Management of Disease Progression in BRAF V600E Melanoma Patient on Dabrafenib/Trametinib
For a patient with cutaneous melanoma with BRAF V600E mutation showing disease progression on dabrafenib and trametinib therapy, the recommended next step is to switch to an immune checkpoint inhibitor therapy, specifically pembrolizumab or nivolumab/relatlimab combination.
Assessment of Current Situation
The PET/CT findings show clear evidence of disease progression while on BRAF/MEK inhibitor therapy:
- Increased FDG uptake in right hilar region
- New focal intense FDG uptake in L5 midline body
- Increased intensity of prior focus in left sacrum near L5-S1
- New focus of intense uptake in posterior left 11th rib
These findings represent treatment failure on the current regimen of dabrafenib and trametinib, which were started approximately 1 year ago.
Rationale for Treatment Change
Evidence of Progression: The patient has clear radiographic evidence of disease progression on current BRAF/MEK inhibitor therapy 1.
Treatment Resistance: Despite initial effectiveness, approximately 50% of patients on BRAF/MEK inhibitor therapy experience disease progression within 6 months due to acquired resistance 2.
NCCN Guidelines: The NCCN guidelines recommend discontinuing systemic therapy in cases of disease progression and switching to a different class of therapy 1.
Recommended Treatment Algorithm
1. Confirm Progression
- Obtain tissue biopsy of one of the new lesions if clinically feasible to:
- Confirm melanoma progression
- Assess for potential mechanisms of resistance
- Evaluate PD-L1 status if considering immune checkpoint inhibitors
2. Switch to Immune Checkpoint Inhibitor Therapy
- First choice: Pembrolizumab (anti-PD-1) or nivolumab/relatlimab (anti-PD-1/anti-LAG-3) combination 1
- Rationale: Immune checkpoint inhibitors have shown efficacy in patients who have progressed on BRAF/MEK inhibitor therapy 3
3. Consider Brain Imaging
- Given the presence of multiple new metastatic sites, obtain brain MRI to rule out CNS involvement
- Patients with new CNS lesions have significantly shorter survival after progression (median 4.0 months) compared to those with non-CNS progression (median 10.0 months) 2
Special Considerations
Potential for Rechallenge
In select cases, rechallenge with dabrafenib/trametinib after a treatment-free interval may be considered, but this approach should be reserved for patients who:
- Had a prolonged initial response (>6 months)

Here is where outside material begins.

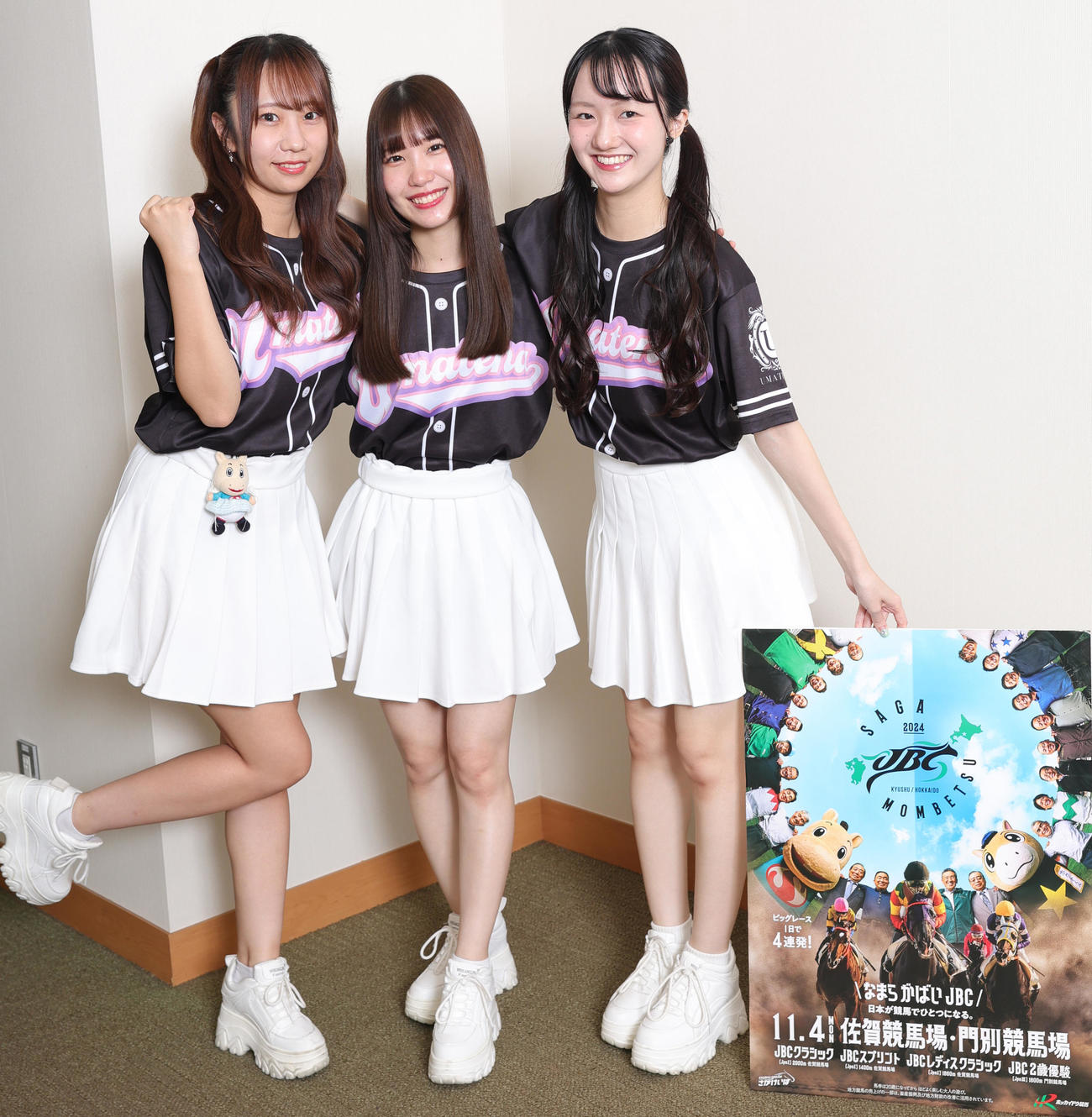 JBC競走をPRする、左から佐賀競馬公式アイドル「UMATENA」有村のあ、望月琉菜、垂水愛莉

- Have limited disease progression
- Have exhausted other treatment options 4
Radiation Therapy
- Consider stereotactic body radiation therapy (SBRT) for the L5 and sacral lesions if they are symptomatic or threatening spinal stability
- Radiation can be safely administered concurrently with immune checkpoint inhibitor therapy
Monitoring and Follow-up
- Repeat imaging in 8-12 weeks after initiating new therapy to assess response
- Monitor for immune-related adverse events if switching to checkpoint inhibitor therapy
Caveats and Pitfalls
Pseudoprogression: Rarely, apparent progression on imaging may represent pseudoprogression, particularly with immune checkpoint inhibitors. However, the multiple new lesions in this case strongly suggest true progression.
CNS Progression: Patients with melanoma who develop CNS metastases have poorer outcomes. The dabrafenib/trametinib combination has shown some intracranial activity (39% response rate in treatment-naïve patients) 5, but progression suggests the need for alternative approaches.
Cutaneous Toxicity Management: When switching therapy, be aware that cutaneous adverse effects from dabrafenib/trametinib (including papillomas, palmoplantar hyperkeratosis, and alopecia) may improve, but new immune-related dermatologic toxicities may develop 6.
Treatment Sequencing: While there are no definitive comparative trials on optimal sequencing of BRAF/MEK inhibitors and immunotherapy, the development of progression on targeted therapy necessitates a switch in treatment approach 1.